You need to implement Hash Tables with combinations of the following hash functions and collision resolution mechanisms:
Hash Functions to implement:
1. h(x) = x mod TABLE_SIZE …….. (mod stands for the modulus operator)
2. h’(x) = Floor(x / TABLE_SIZE) ….. (the Floor() operator returns the integer part of the quotient)
Collision Resolution Mechanisms to Implement:
1. Chaining with a Linked List : You will implement chaining with a LL to resolve conflicts.
2. Chaining with a Balanced BST: Here, the chaining mechanism will utilize a Balanced BST instead of a Linked list.
3. Linear Probing: Implement Linear Probing with step size = 1
4. Cuckoo Hashing : Here we will explore an alternative open addressing strategy known as cuckoo hashing.
The main idea is to use two hash functions instead of one (we will use the ones mentioned above) . We will maintain two hash tables, each associated with one hash function.
Lookup: When searching for an item, we will first examine the location obtained from the first hash function. If we do not find the item we are looking for, we look for it in the location obtained from the second hash function.
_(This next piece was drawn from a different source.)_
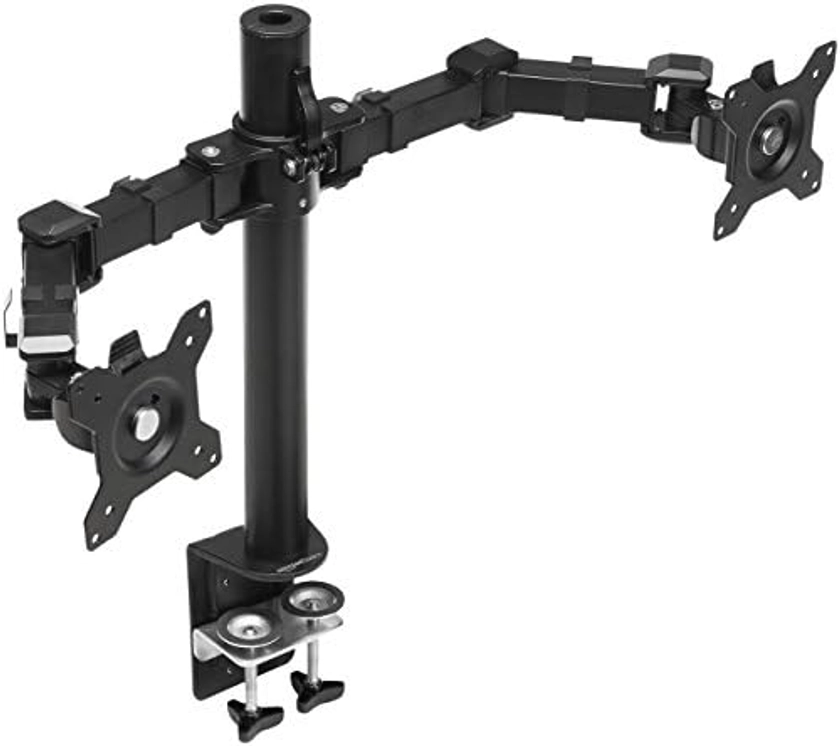 Amazon Basics Dual Monitor Stand - Height-Adjustable Arm Mount, Steel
Therefore, we need to examine two locations before declaring that an item does not exist.
Delete: As mentioned above, we look for the item in its two potential locations and then remove it from the table (by setting the value in that slot to -1)
Insert: We will first try to insert the item in the location obtained from the first hash function. If that gives us a collision, we try to insert the item in its second location. If both locations are full, we displace the element in the current item’s first location and move the displaced item to its alternative location. As you can imagine, the displaced item’s alternative location may be full as well. Therefore, we need to move that item to its alternative location. If needed, we continue this process of displacing items till an item has an empty alternative location.
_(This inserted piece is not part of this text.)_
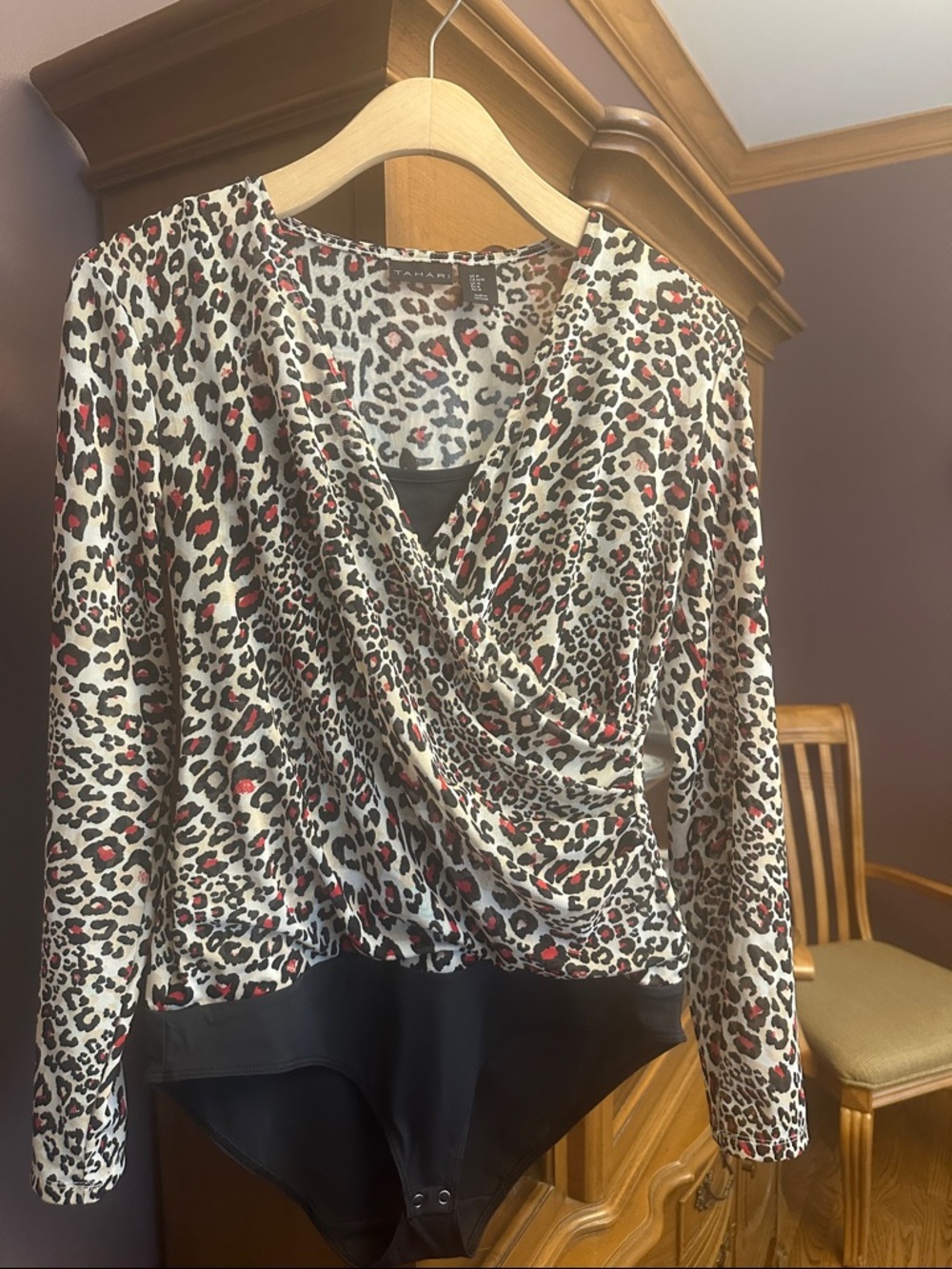 Tahari Leopard Print Draped Bodysuit with Red Accents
If this process causes a cycle i.e. this process of displacing goes into an infinite loop, we choose two new hash functions and rebuild the hash table (sometimes called rehashing). To obtain new hash functions, we only need to increase the size of our table. The changed TABLE_SIZE means that we have two new hash functions.
More information can be found here : https://en.wikipedia.org/wiki/Cuckoo_hashing
Performance Evaluation
You will be provided with two datasets of integers to be inserted into the hash tables.
You will need to compare performance on the 3 operations of a hash table: insert, lookup and delete. To this end, you will measure the average time taken for each operation. This will be done by performing 10 instances of each operation and then averaging them. For example, to measure the time required for an insert, you will perform 10 inserts, record their time and take their average.
You will utilize both hash functions for each implementation of the hash table. Therefore, the two chaining mechanisms and the linear probing mechanisms will have two implementations each while cuckoo hashing will have only one implementation.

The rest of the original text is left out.